Before the fighting, it’d have been the RIC she’d have talked to, to report such a crime. But for all she knew it might have been them who turned the house over. And if she went asking questions in the shops and pubs in Blackstown, she might be overheard by the wrong ears, and put herself in danger. But how else to find out what had happened? She felt paralysed by indecision. If only Madame Carlton was still in Carlton House!
A thought occurred to her then. Perhaps Madame was back in her home. Perhaps she’d been merely questioned and released, or even imprisoned for a while and released. It had been months since Ellen had seen her taken away.
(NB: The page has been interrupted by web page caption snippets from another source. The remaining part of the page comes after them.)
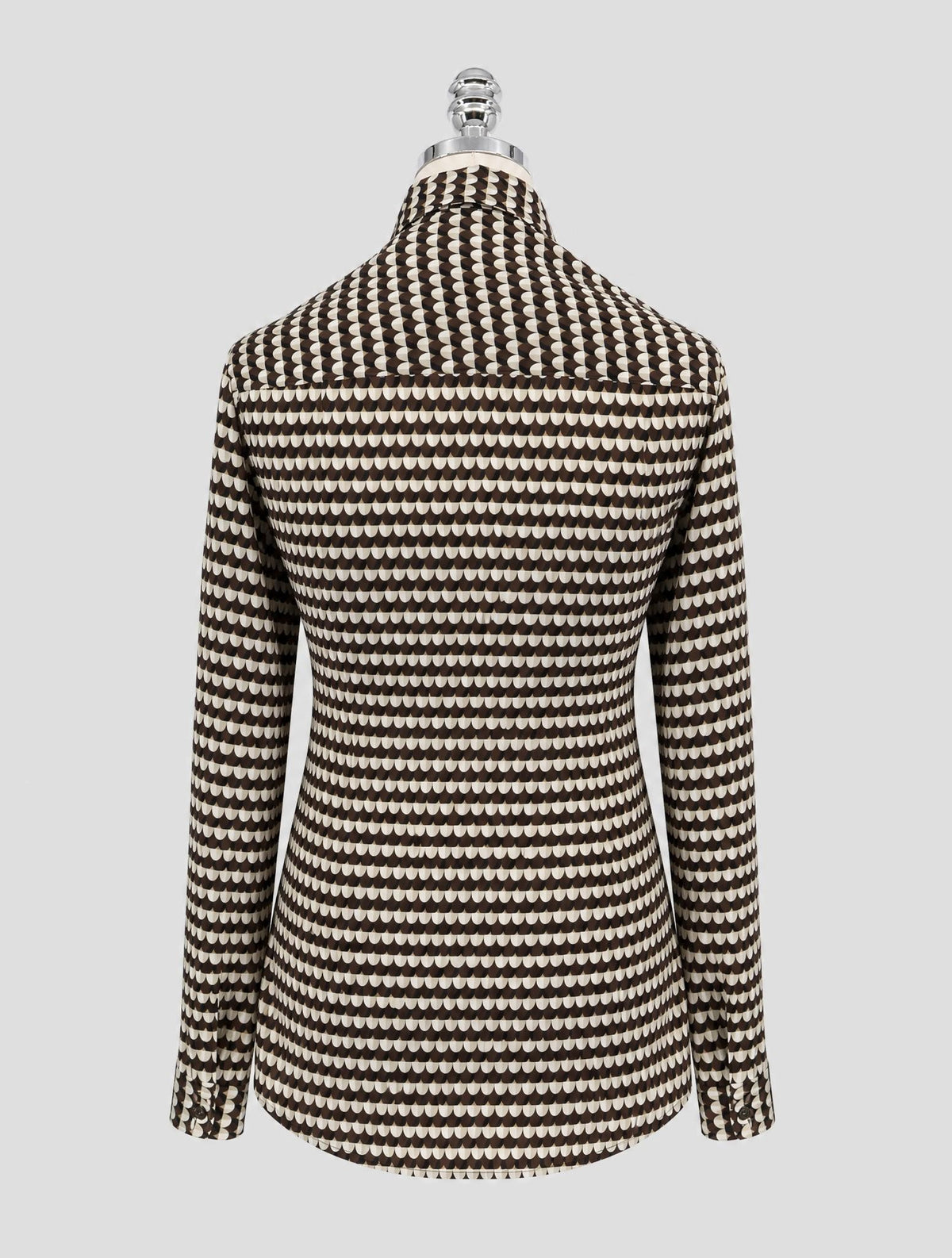 Kiton Brown White Silk Shirt Woman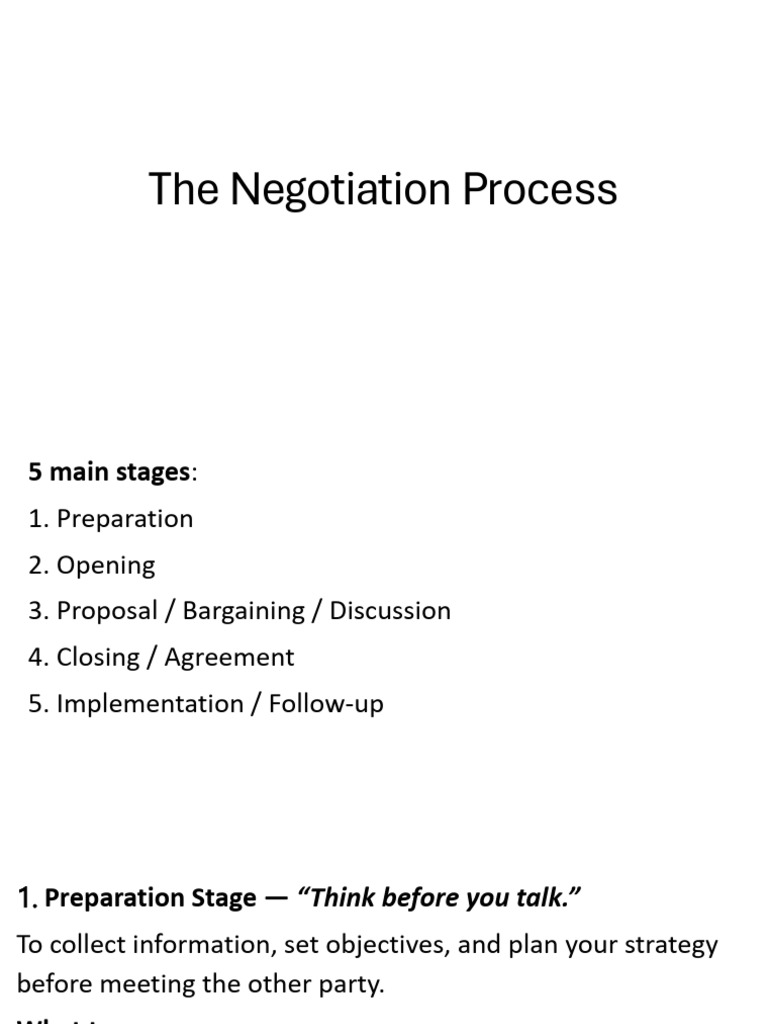 The Negotiation Process | PDF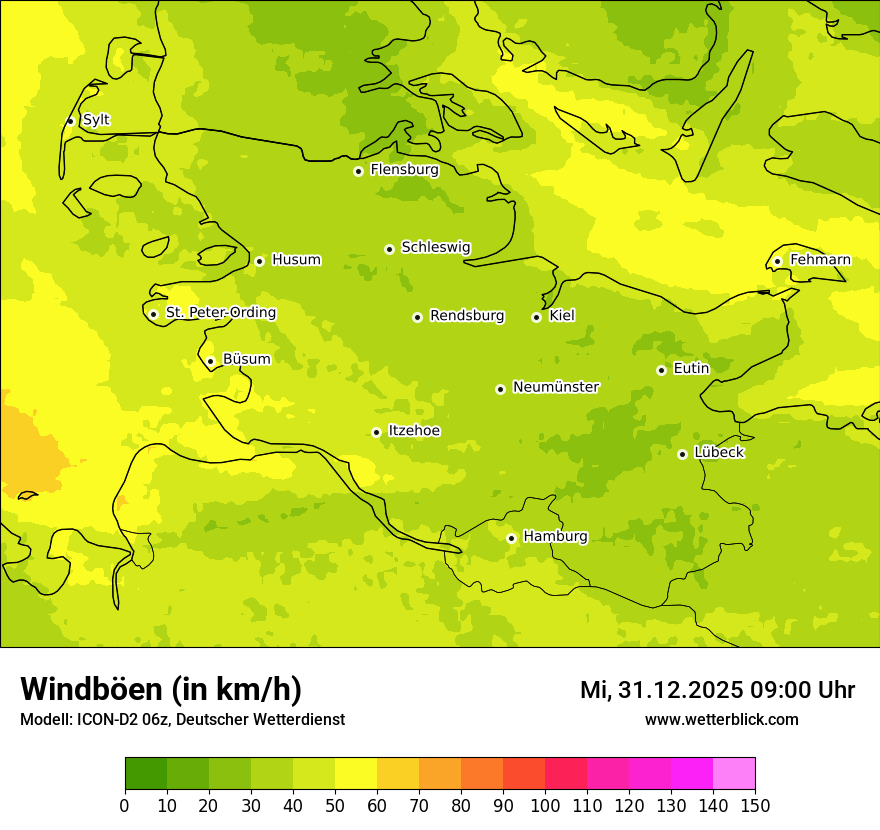 Modellkarten Windgeschwindigkeit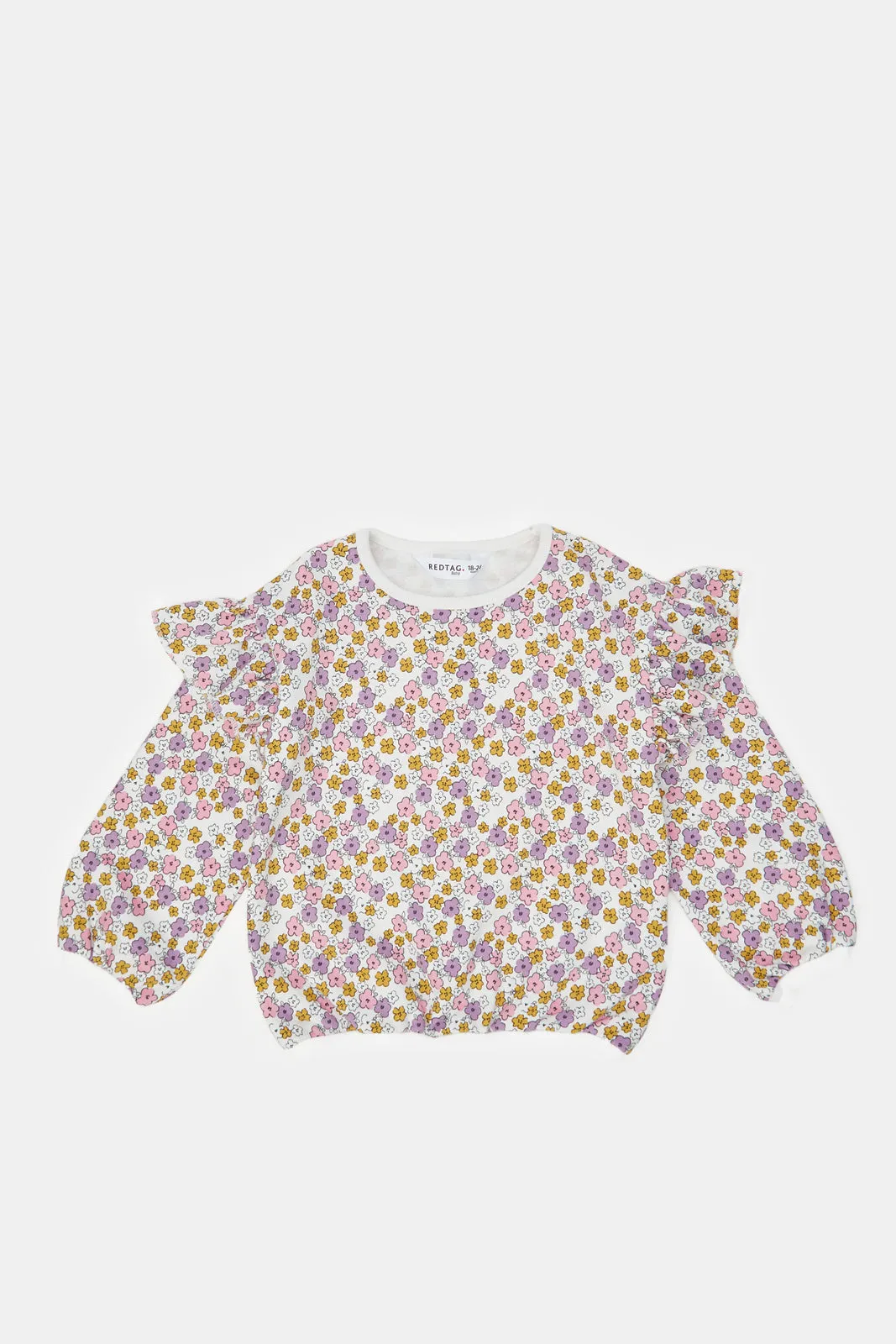 Ivory Floral Aop & Mustard Solid Sweatshirt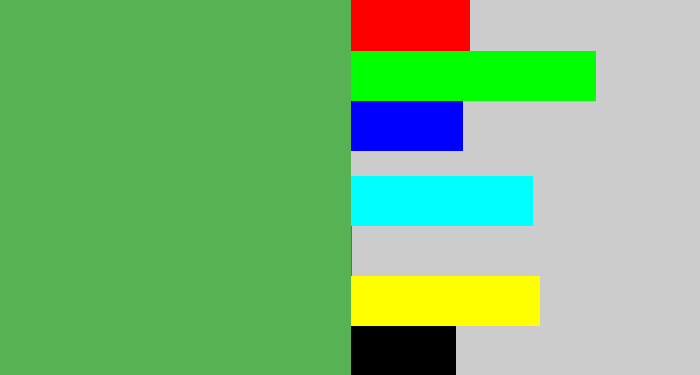 Hex color #56b252 - dark pastel green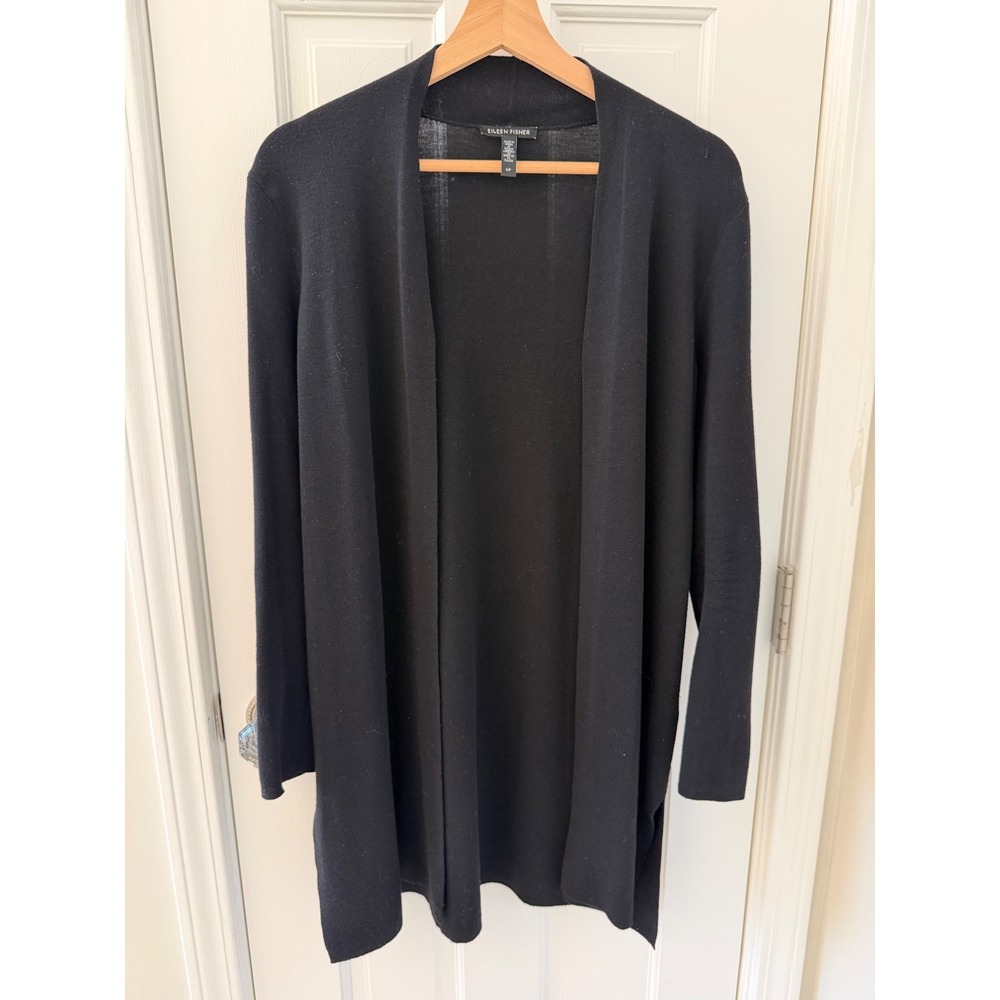 Eileen Fisher Black Superfine Merino Wool Open Front Cardigan Sweater S/P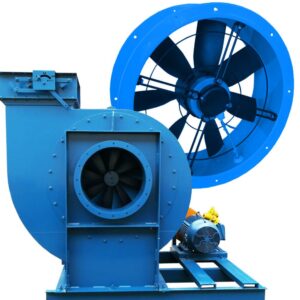 Axiales: mueven grandes volúmenes a baja presión, ideales para recorridos cortos. Centrífugos: ideales para instalaciones con conductos largos y múltiples curvas.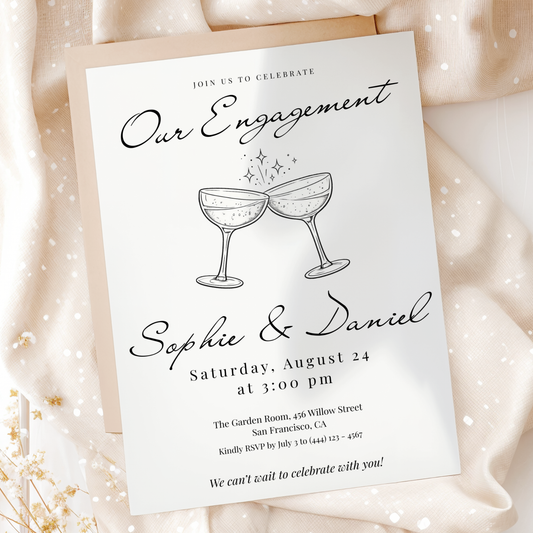 Floral invitation template by Pretty Digital — printable digital download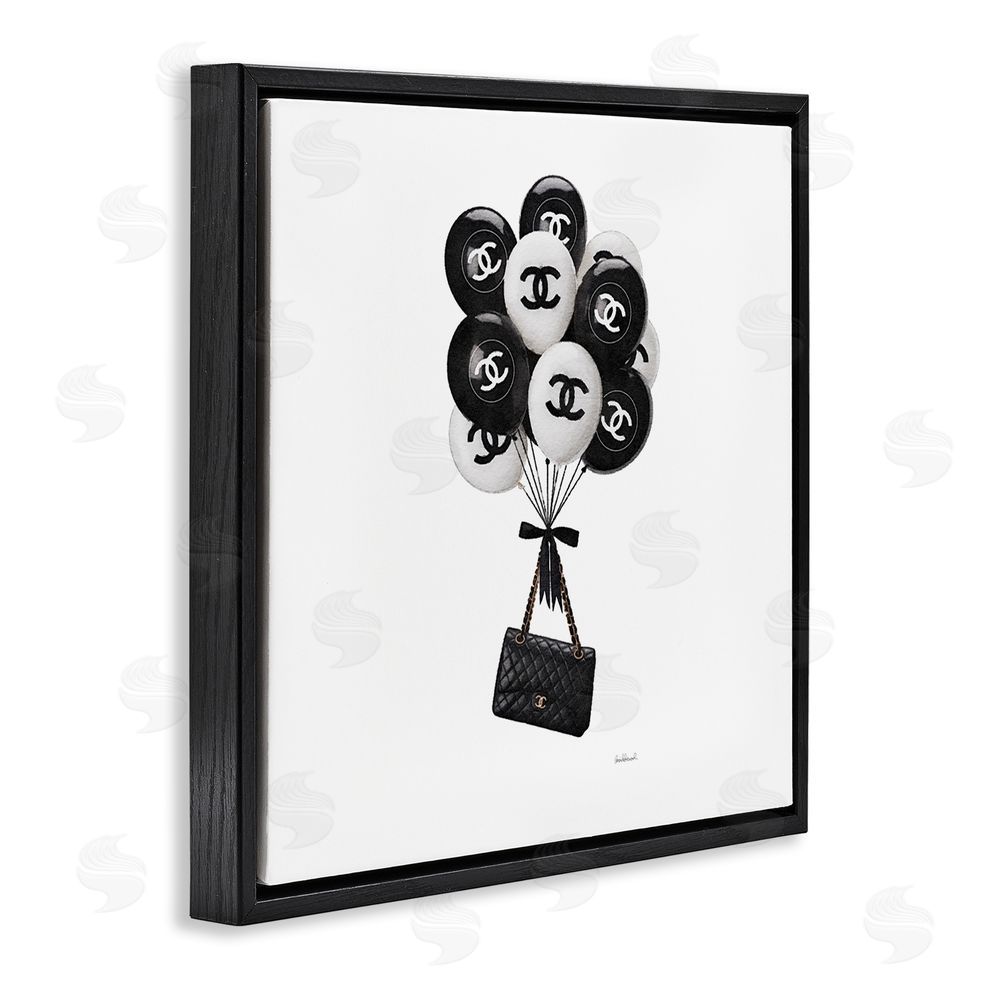 Amanda Greenwood Chic Balloons & Purse Black Floating Frame Canvas Wall Art Print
She should go to Carlton House and see what was happening there.
Feeling energised now that she had a plan of sorts, Ellen jumped to her feet, left the farm, and headed off along the familiar lane towards Carlton House. She was walking so fast, excited by the idea that Madame might be back in residence and able to give her news of Jimmy or his family, that she didn’t bother to take any precautions, didn’t look over the hedges into the fields, didn’t keep an eye out for any sign of trouble. She was out of practice, having been shut away with the Merciful Sisters for so long.